# Background Plant Suggestions Please!



## TonyV2 (Oct 16, 2006)

Currently my new 29-gallon tank, with pressurized CO2 and 110 watts of CF lighting has some "Ammannia Gracilis" in one back corner and "Wisteria" in the other. The middle is somewhat lacking. 

I’m considering the following;

Aponogeton crispus
Corkscrew Val
Echinodorus 'rubin'
Cabomba caroliniana

What would you recommend?


----------



## xcooperx (Jun 24, 2006)

i will recommend this "Corkscrew Val" with the combination of L. Aromatica or rotala macranda


----------



## Intros (Apr 26, 2006)

While Echinodorus rubin can grow really large for a 29 G tank and almost the same situation for Aponogeton crispus, probable the Corkscrew val and Cabomba caroliniana could get you a fresh green background plant wall, but I also can recommend the Bacopa caroliniana and get with it more room in the aquarium (comparing with the first two plants) and also these delicate colours...


----------



## Steven_Chong (Mar 17, 2005)

From my experience, especially when dealing with beginner aquascapes (don't know if you're a beginner or not, just a guess), the problem usually isn't the background.

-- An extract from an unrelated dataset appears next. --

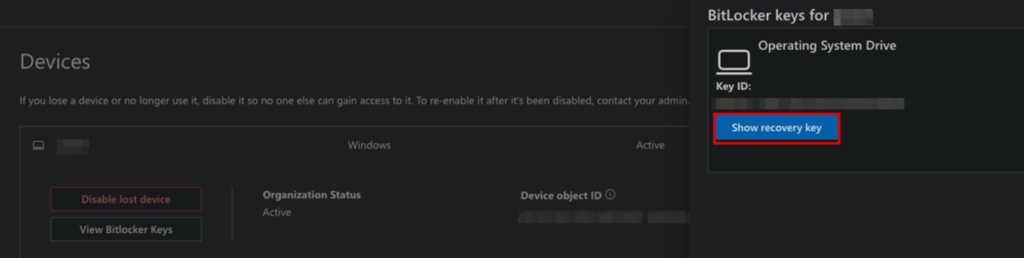 Recovery key reveal option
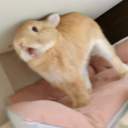 조랭이떡국므먕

It's the midground.

A high-level aquascaper will be thinking about every detail, but for beginner's to the design-aspect I'd say to focus most of your efforts on mid-ground design. Even for advanced scapers, the most critical decisions with the lay out are probably made in the mid-ground, with the position of hardscape and mid-ground plants. They are the foundation of the lay-out. 

Whether you figure out the fore or backgrounds, with a strong and nice mid-ground lay out, you will get the satisfaction you're looking for of "Having a nice tank." Well, that's what most are looking for when they come here. You might be more ambitious than that-- I can't know so sorry if you are.

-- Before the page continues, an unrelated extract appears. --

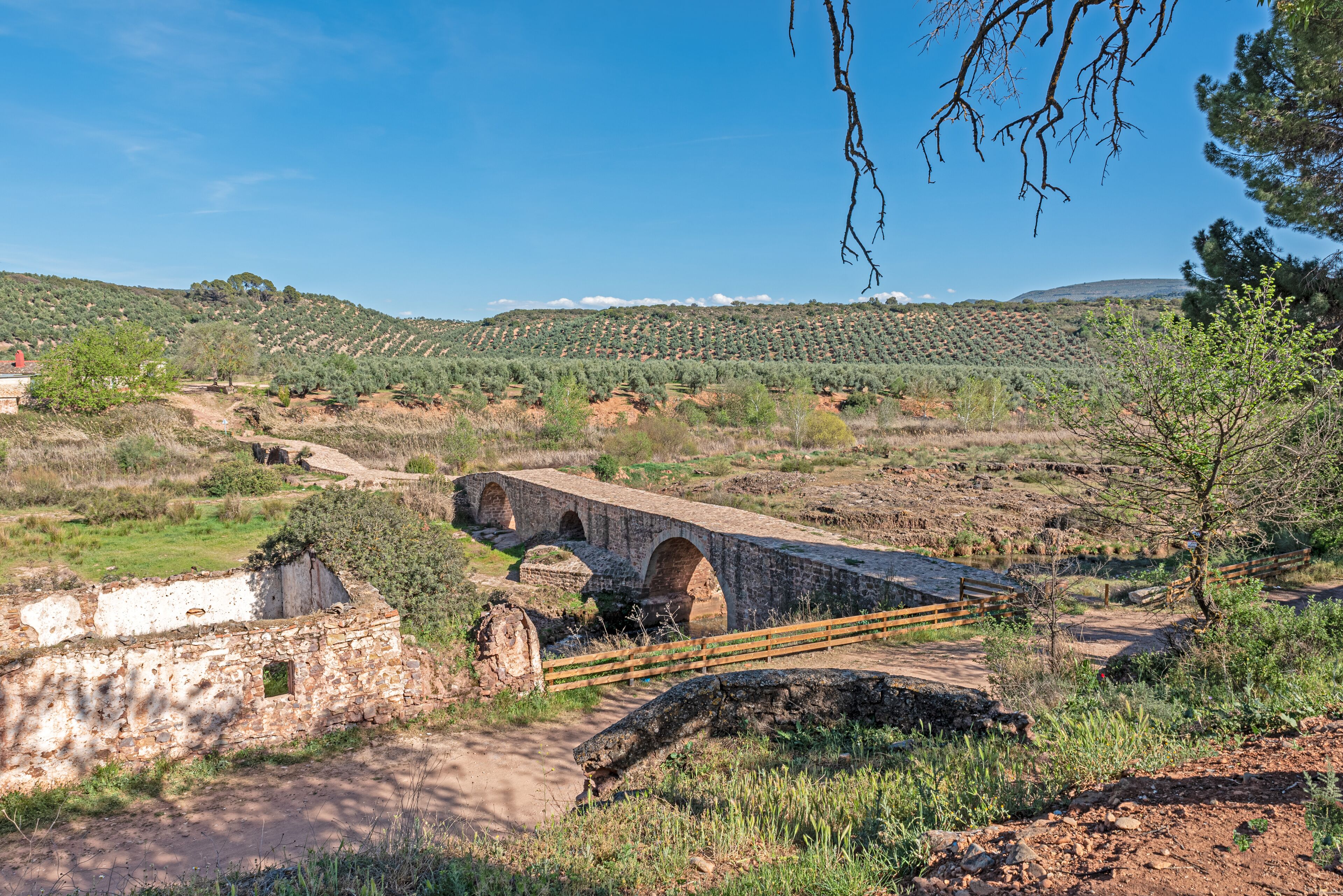 A stone bridge over a dry riverbed, surrounded by olive groves and hills.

When they enter planted tanks, most people are impressed most by the sparkling carpets and brilliant red stem plants in the background. It's because they focus on these parts first that they miss the real design-aspect of aquascaping. Even if they succeed as plant-growers, they still think "I'm no good at aquascaping" because their tank has never looked like a great design. Well, a wall behind a field doesn't have any depth or visual strenghth.

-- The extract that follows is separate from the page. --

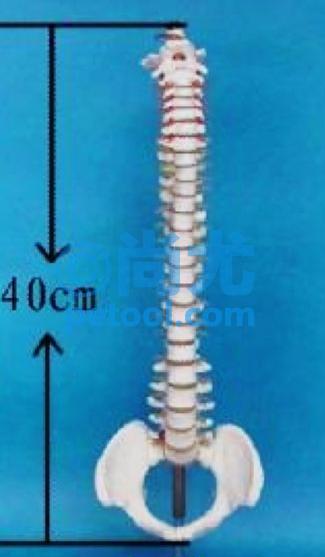 ׵̴ģ(H40cm)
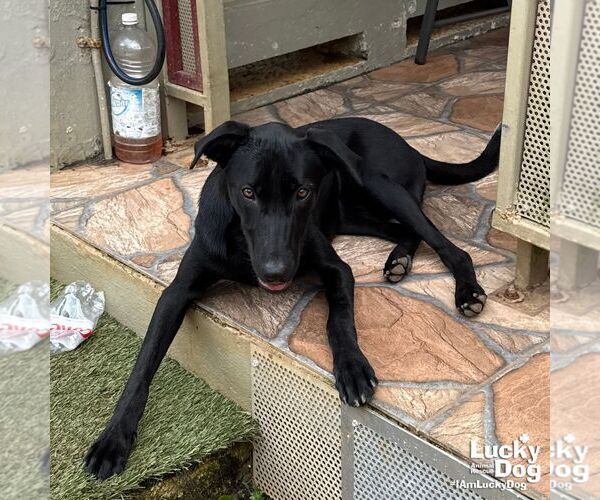 Medium Photo #1 Labrador Retriever-Unknown Mix Puppy For Sale in Washington, DC, USA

If you say, "The midground is somewhat empty," then I'd tell you that it's the part you want to think about the most.

For the basic aquascaping, choosing background plants before thinking about mid-ground design, is like putting the cherry in the sunday dish before putting the ice cream in.

I hope that helps.


----------



## Mud Pie Mama (Jul 30, 2006)

greenmiddlefinger said:


> the problem usually isn't the background. It's the midground.
> 
> ........ Well, a wall behind a field doesn't have any depth or visual strenghth.
> 
> ...


Steve,

I think this is a very useful point. You've explained this so well. I especially love your metaphors. Thanks for such a great tip.


----------